§ Exercise brief
Please repeat every entry exactly as given, apart from dropping the images.

Stored dataset items:
★ ★ ★ ★ ★ ★ ★

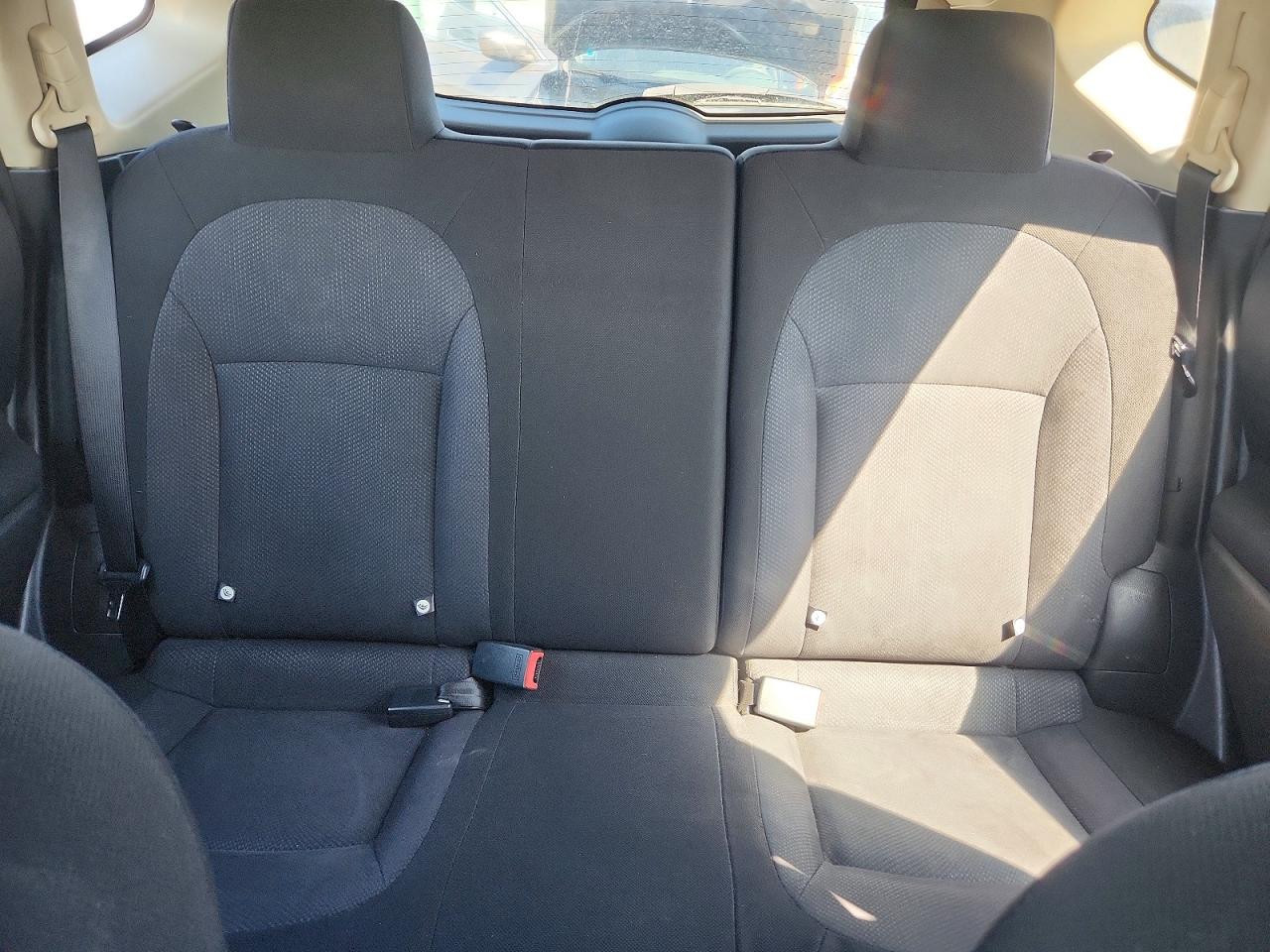 2013 NISSAN ROGUE S photo 19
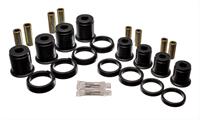 CONTROL ARM BUSHING SET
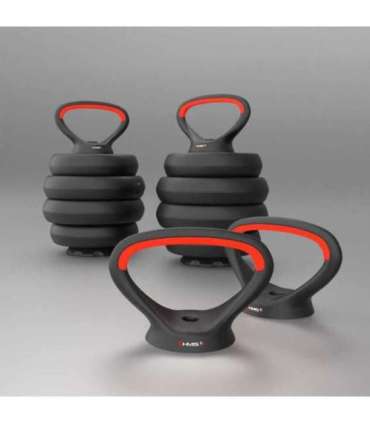 SGN140 PRO SET 6IN1 WEIGHT SET 40KG HMS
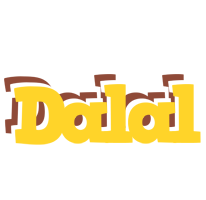 Dalal hotcup logo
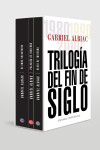 Trilogía del fin de siglo | 9788412336658 | Portada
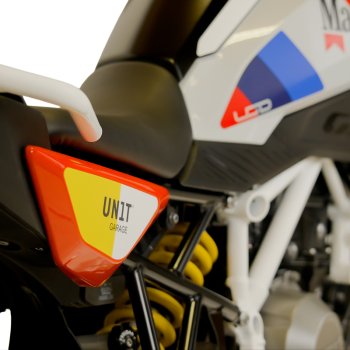Kit BMW F450GS GR86
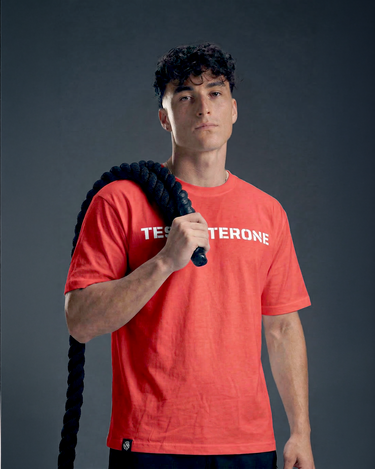 The Testosterone Tee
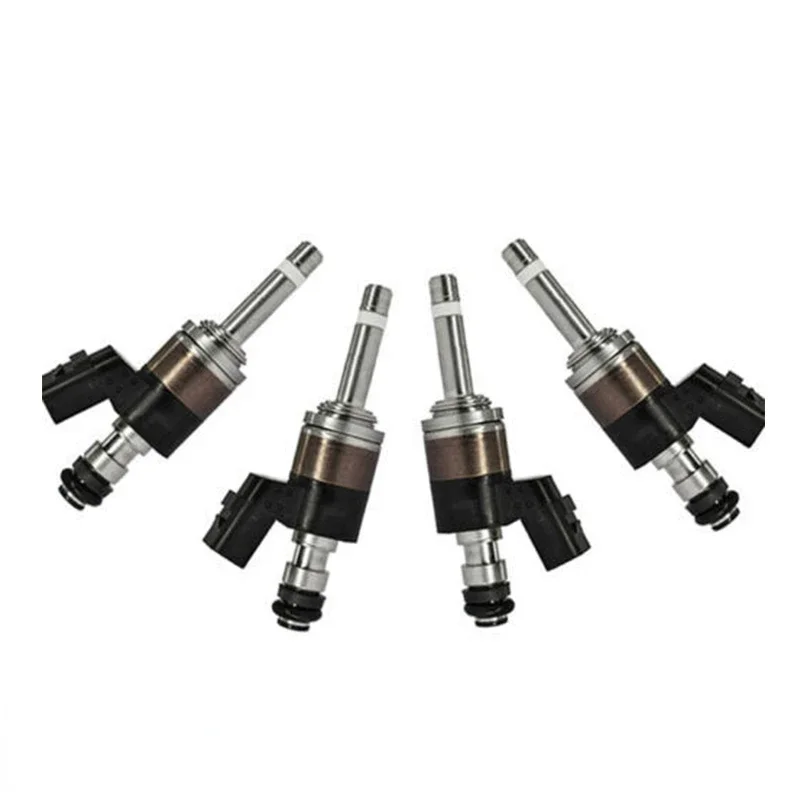 

4pc 16010-5PA-305 160105PA305 OEM Fuel Injectors For Accord CR-V CIVIC Si 1.5L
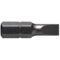 Slot 6mm Driver Bit - Carded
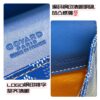 Replica Goyard Camond Pouch Blue - 1:1 premium replica handbag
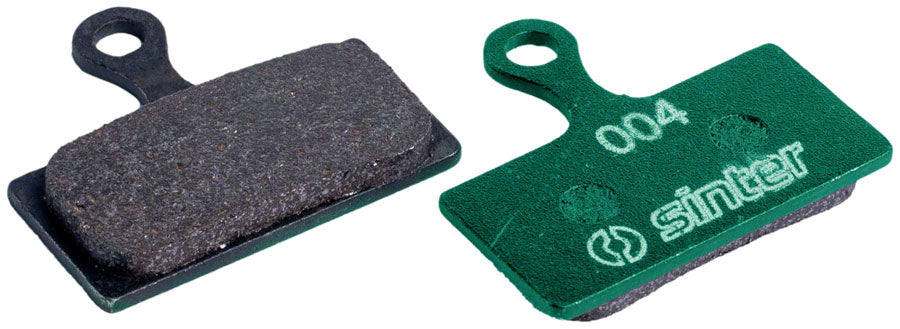 Green s2032 Compound Organic Disc Brake Pads - BR3260-01.jpg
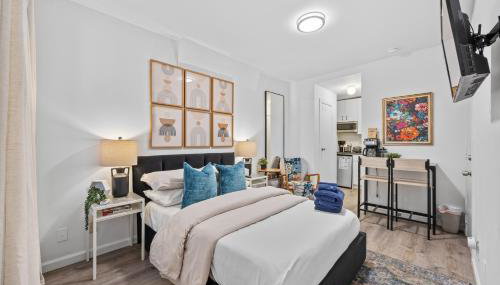 Highly Recommended Studio Near Times Square - Foto 4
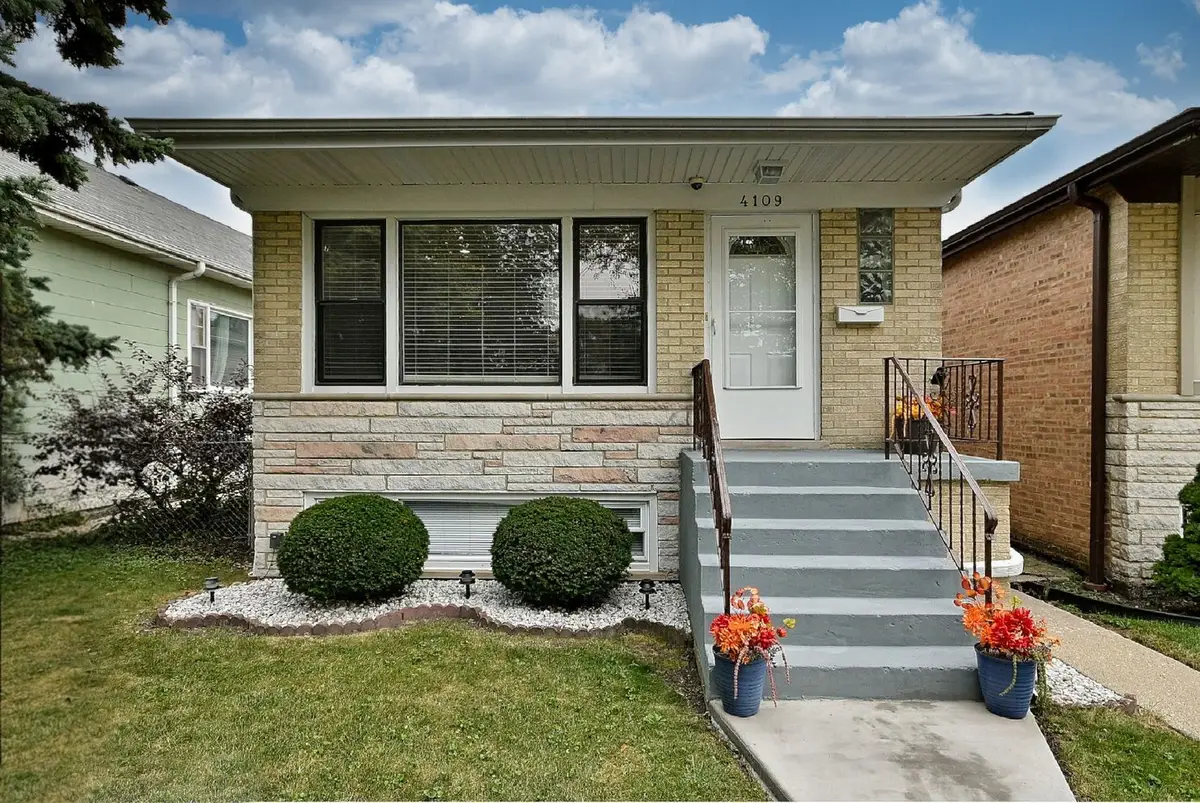 4109 N Menard Avenue, Chicago, IL 60634 - #1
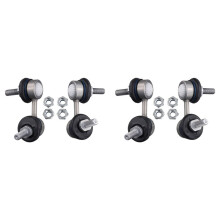 4x 259573 dla Quattroporte M139 GranTurismo dla F430 F360 Przednie Lewe i Prawe Łącznik Stabilizatora 259572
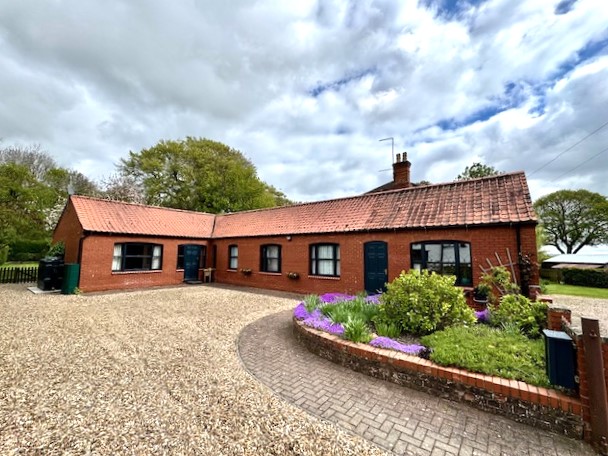 Church View

Market Stainton
Market Rasen
LN8 5LJ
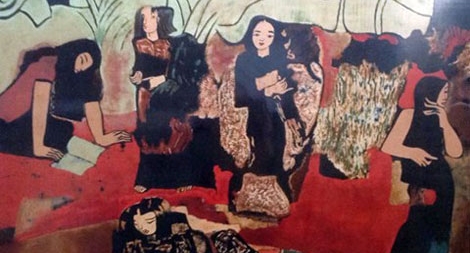 Bản quyền trong văn học nghệ thuật: Một năm nhiều... tranh cãi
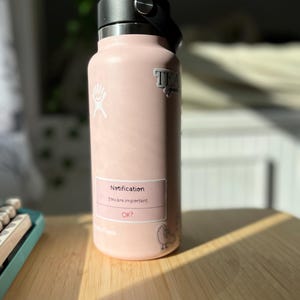 Elise added a photo of their purchase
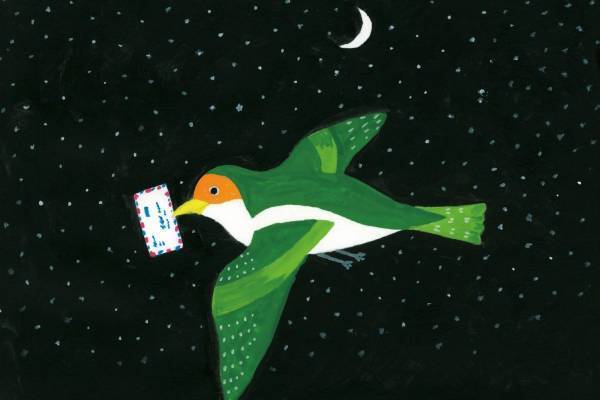 「和田誠展」京都・美術館「えき」KYOTOで - イラストレーションや絵本、ポスターなど創作の全貌を辿る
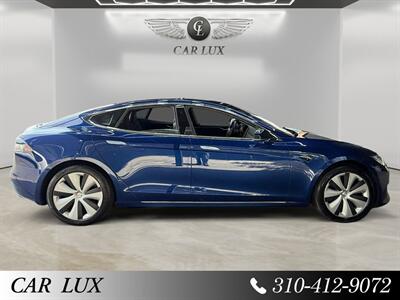 2020 Tesla Model S Long Range Plus - Photo 6 - Lennox, CA 90304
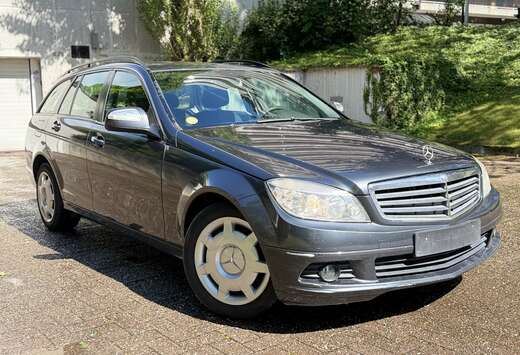Mercedes-Benz CDI Elegance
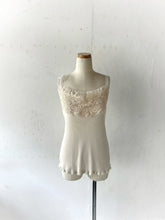 画像をギャラリービューアに読み込む, Chemical Lace & Tulle Frill Tereco Camisole #1421069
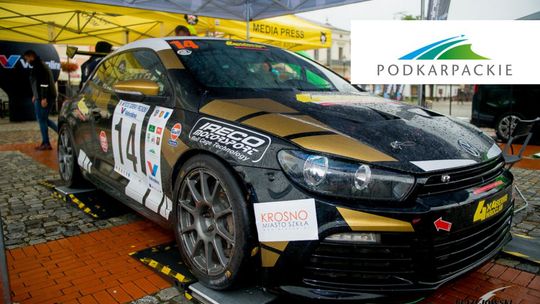 77 kierowców zdecydowało się na start w 19. Wyścigu Górskim Prządki – Valvoline [PROGRAM]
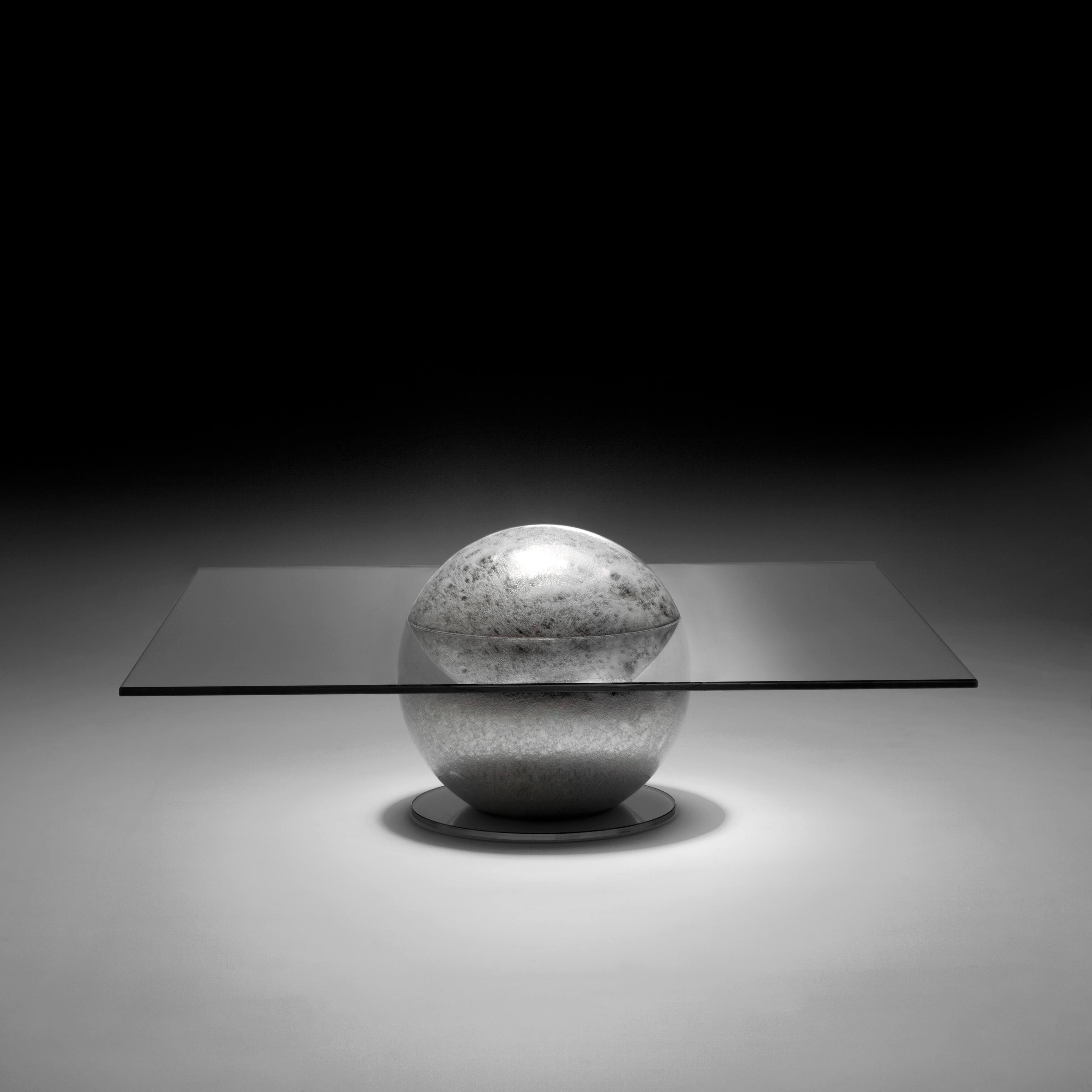 La Luna - coffee table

★ ★ ★ ★ ★ ★ ★

§ Problem solution
 2013 NISSAN ROGUE S photo 19
 CONTROL ARM BUSHING SET
 SGN140 PRO SET 6IN1 WEIGHT SET 40KG HMS
 Dalal hotcup logo
 Trilogía del fin de siglo | 9788412336658 | Portada
Kit BMW F450GS GR86
 The Testosterone Tee

4pc 16010-5PA-305 160105PA305 OEM Fuel Injectors For Accord CR-V CIVIC Si 1.5L
 Slot 6mm Driver Bit - Carded
 Replica Goyard Camond Pouch Blue - 1:1 premium replica handbag
 Green s2032 Compound Organic Disc Brake Pads - BR3260-01.jpg
 Highly Recommended Studio Near Times Square - Foto 4
 4109 N Menard Avenue, Chicago, IL 60634 - #1
 4x 259573 dla Quattroporte M139 GranTurismo dla F430 F360 Przednie Lewe i Prawe Łącznik Stabilizatora 259572
 Church View

Market Stainton
Market Rasen
LN8 5LJ
 Bản quyền trong văn học nghệ thuật: Một năm nhiều... tranh cãi
 Elise added a photo of their purchase
 「和田誠展」京都・美術館「えき」KYOTOで - イラストレーションや絵本、ポスターなど創作の全貌を辿る
 2020 Tesla Model S Long Range Plus - Photo 6 - Lennox, CA 90304
Mercedes-Benz CDI Elegance
 画像をギャラリービューアに読み込む, Chemical Lace & Tulle Frill Tereco Camisole #1421069
 77 kierowców zdecydowało się na start w 19. Wyścigu Górskim Prządki – Valvoline [PROGRAM]
 La Luna - coffee table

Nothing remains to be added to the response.